The circumstances leading to the dismissal of the claimant were that on 5th August 2014 the respondent discovered that cash was being deposited irregularly into some members’ accounts. The cash deposits were not from loans, dividends or refunds.
Besides being an employee, the claimant was also a member of the co-operative and his salary account No. 5022010022400 was one of the accounts into which the unexplained cash deposits were made. A sum of Kshs.30,000 was deposited into the claimant’s account on 16th July 2014 and the claimant proceeded to withdraw the said amount from his account in several withdrawals.
On 7th August 2014, the respondent wrote to its software service provider Craft Silicon Limited to report the suspicious deposits and requested the provider to investigate the source of the funds.
On 8th August 2014, the claimant wrote to the respondent indicating that he had been notified of a deposit of Kshs.30,000 in his FOSA Savings Account, which he had not authorised. He requested that the deposit be reversed.
The respondent suspended the claimant from service by letter dated 12th August 2014 pending full investigations. On the same day Craft Silicon Limited responded to the respondent’s inquiry informing the respondent that it had identified 64 suspect entries in 42 accounts involving Kshs.4,225,000 which was suspected to have been effected by inserting data through what was referred to as backend. Since access to data was limited to only five computer workstations, it was recommended that the users of those computers be probed.
By letter dated 4th September 2014, the respondent sought the assistance of Banking Fraud Investigations Department to investigate the accounts affected. While the investigations were ongoing, the claimant filed the present suit and obtained ex-parte stay orders on 30th September 2014. Respondent was aggrieved by the stay orders. It filed and application dated 16th October 2014 and obtained an order suspending the same on 17th October 2014.
By letter dated 30th October 2014, the claimant was invited for a disciplinary committee meeting on 4th November 2014. According to the letter the claimant was accused of gross misconduct arising from the withdrawal of Kshs.30,000 from his account whose source was fraudulent or irregular.
On 5th November 2014, the respondent sent the claimant a show cause letter requiring him to respond by 10th November 2014. The claimant wrote back on 10th November seeking clarification if he should respond to the show cause letter in view of the case he had filed in court. The respondent responded to the effect that he should respond by 19th November 2014, as he did not have any orders staying disciplinary action. The claimant was thereafter invited to attend a disciplinary hearing on 21st November 2014. The claimant did not show up for the hearing. He was invited again to attend a disciplinary hearing on 12th February 2015 and reminded to respond to the show cause letter dated 5th November 2014. The claimant did not comply with either.

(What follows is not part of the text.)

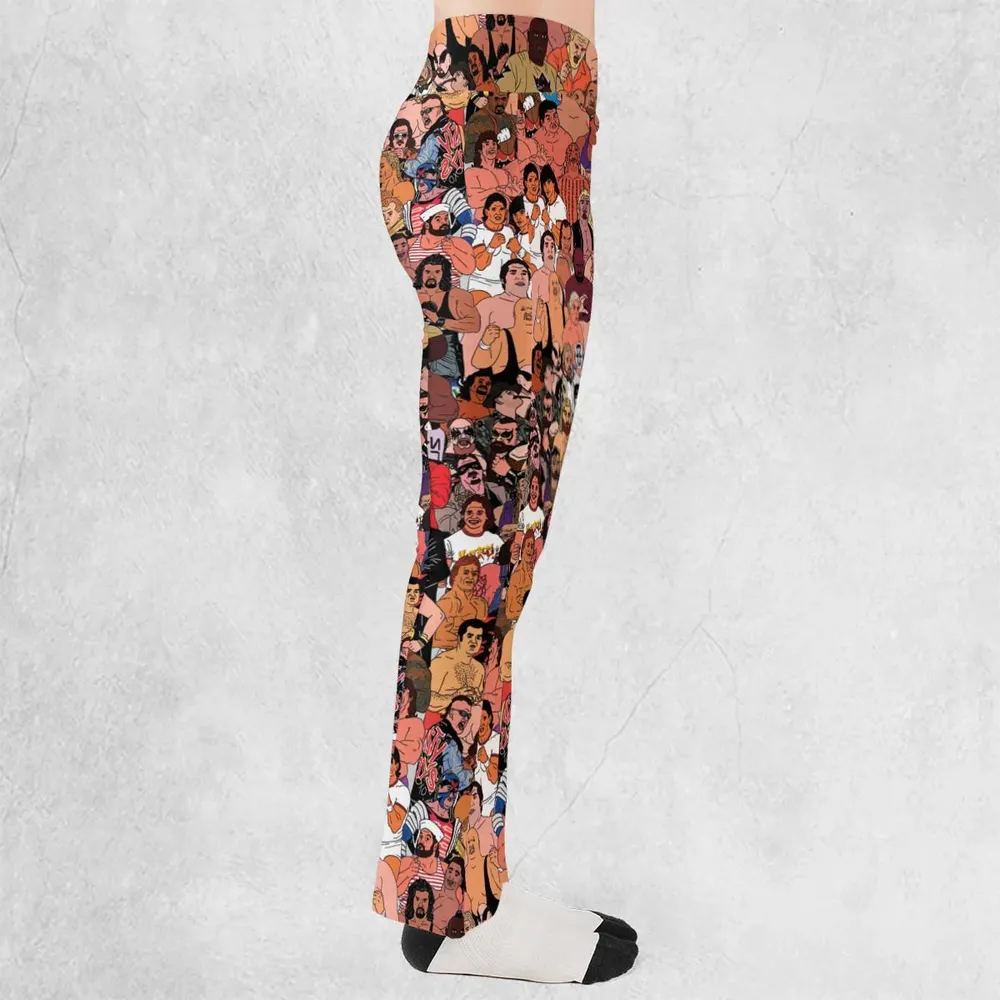 90s Professional Wrestlers Flare Leggings - 2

On 27th February 2015, the respondent’s Board of Directors decided that the claimant be summarily dismissed from employment and a letter of summary dismissal dated 2nd March 2015 was sent to the claimant.
It is the claimant’s case that the respondent’s application dated 16th October 2014 was dismissed on 17th April 2015 thus reverting to the orders granted to the claimant on 30th September 2014, that the application has not been appealed, varied or set aside and remains in force. It is submitted for the claimant hat the respondent failed to reinstate him or pay his salary from 12th August 2014. He submits that the respondent is in contempt of the said orders and should be ordered to lift the suspension, reinstate the claimant and pay his dues to date.
In his amended memorandum of claim filed on 7th August 2014, the claimant seeks the following orders –
a. Payment of salary and benefits during the suspension period.
b. Salary for the contractual period ending 26/05/2015. ........ Kshs.1,682,060
c. Access to all the benefits to which the claimant is entitled to.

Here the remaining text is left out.